Exercise:
Below are the records; give again exactly the line with "LiLL 熊本のエステ・リラクイメージ", the line with "眼科手術 Vol.26 No.2 (発売日2013年04月30日) 表紙", and each line that lies between them, and nothing besides.

Data extracts:
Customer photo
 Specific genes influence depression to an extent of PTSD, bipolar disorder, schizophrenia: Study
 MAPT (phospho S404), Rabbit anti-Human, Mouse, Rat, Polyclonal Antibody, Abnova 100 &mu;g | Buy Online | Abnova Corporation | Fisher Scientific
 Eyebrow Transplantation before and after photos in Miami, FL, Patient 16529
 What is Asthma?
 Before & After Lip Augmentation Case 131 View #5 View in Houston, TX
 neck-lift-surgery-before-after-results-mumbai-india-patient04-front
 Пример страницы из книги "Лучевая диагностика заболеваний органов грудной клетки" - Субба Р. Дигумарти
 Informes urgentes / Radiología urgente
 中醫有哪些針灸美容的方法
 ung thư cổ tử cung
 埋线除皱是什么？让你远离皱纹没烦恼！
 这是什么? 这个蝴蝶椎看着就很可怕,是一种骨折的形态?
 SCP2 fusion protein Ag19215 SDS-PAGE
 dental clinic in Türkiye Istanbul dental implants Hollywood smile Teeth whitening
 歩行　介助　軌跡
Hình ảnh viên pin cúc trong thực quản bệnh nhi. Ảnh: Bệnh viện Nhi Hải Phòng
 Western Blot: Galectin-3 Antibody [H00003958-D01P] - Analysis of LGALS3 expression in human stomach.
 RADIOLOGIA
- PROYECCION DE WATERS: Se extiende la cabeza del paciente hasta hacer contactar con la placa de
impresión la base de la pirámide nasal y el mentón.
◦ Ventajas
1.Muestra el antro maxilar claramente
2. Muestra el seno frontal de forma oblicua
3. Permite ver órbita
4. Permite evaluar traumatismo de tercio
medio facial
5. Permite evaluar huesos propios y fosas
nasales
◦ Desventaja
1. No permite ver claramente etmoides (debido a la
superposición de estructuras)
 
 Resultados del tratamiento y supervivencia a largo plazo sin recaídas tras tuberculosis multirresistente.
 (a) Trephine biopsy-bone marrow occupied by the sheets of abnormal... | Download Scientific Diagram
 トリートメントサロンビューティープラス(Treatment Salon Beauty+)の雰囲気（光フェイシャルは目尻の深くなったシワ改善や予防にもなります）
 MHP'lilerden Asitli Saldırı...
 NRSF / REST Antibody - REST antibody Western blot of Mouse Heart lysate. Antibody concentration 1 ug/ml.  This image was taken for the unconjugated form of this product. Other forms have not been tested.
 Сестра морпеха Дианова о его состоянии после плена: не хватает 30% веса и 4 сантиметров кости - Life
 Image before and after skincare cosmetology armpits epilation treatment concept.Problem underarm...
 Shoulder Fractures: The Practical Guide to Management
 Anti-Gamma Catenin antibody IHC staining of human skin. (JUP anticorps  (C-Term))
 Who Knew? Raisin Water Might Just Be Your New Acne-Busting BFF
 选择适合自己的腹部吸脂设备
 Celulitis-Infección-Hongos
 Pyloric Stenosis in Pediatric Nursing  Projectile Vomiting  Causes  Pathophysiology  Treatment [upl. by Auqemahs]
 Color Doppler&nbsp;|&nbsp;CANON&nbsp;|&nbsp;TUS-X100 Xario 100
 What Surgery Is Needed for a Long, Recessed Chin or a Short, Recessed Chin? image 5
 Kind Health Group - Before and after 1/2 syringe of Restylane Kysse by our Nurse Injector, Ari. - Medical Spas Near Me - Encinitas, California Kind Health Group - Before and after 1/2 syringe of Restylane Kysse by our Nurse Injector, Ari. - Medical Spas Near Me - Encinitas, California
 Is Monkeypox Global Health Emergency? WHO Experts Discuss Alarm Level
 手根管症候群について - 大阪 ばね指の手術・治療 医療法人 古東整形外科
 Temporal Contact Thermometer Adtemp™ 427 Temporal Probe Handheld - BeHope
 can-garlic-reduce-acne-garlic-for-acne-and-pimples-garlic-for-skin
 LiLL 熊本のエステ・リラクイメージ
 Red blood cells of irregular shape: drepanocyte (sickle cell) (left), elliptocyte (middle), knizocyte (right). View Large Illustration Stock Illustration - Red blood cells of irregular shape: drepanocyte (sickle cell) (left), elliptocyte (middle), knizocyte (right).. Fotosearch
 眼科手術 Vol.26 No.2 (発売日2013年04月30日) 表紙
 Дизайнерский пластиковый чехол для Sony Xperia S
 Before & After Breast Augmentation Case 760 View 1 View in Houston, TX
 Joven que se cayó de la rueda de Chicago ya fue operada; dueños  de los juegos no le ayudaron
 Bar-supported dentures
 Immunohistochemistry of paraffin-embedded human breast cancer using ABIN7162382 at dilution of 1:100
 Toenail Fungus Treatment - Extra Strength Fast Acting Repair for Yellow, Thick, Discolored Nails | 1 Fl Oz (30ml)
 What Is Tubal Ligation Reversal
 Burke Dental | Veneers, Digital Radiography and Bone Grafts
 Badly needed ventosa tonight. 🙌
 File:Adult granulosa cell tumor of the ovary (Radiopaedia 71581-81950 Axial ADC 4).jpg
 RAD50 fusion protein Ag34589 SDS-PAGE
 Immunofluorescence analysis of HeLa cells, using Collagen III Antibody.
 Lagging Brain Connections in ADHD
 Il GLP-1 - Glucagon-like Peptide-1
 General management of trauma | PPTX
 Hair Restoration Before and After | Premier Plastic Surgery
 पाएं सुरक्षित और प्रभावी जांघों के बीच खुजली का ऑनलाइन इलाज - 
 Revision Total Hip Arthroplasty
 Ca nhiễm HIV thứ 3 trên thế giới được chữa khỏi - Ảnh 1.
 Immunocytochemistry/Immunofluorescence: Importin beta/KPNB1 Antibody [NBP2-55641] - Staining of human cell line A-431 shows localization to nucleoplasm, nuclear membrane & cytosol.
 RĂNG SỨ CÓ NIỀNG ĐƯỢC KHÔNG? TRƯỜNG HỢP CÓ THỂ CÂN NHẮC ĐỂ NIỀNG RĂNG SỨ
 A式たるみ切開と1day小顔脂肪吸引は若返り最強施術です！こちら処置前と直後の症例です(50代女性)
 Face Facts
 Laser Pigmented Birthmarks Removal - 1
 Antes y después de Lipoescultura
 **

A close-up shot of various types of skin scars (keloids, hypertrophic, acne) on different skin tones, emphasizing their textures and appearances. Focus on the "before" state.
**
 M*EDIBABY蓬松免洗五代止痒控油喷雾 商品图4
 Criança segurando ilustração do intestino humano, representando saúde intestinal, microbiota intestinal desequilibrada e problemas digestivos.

Written reply:
 LiLL 熊本のエステ・リラクイメージ
 Red blood cells of irregular shape: drepanocyte (sickle cell) (left), elliptocyte (middle), knizocyte (right). View Large Illustration Stock Illustration - Red blood cells of irregular shape: drepanocyte (sickle cell) (left), elliptocyte (middle), knizocyte (right).. Fotosearch
 眼科手術 Vol.26 No.2 (発売日2013年04月30日) 表紙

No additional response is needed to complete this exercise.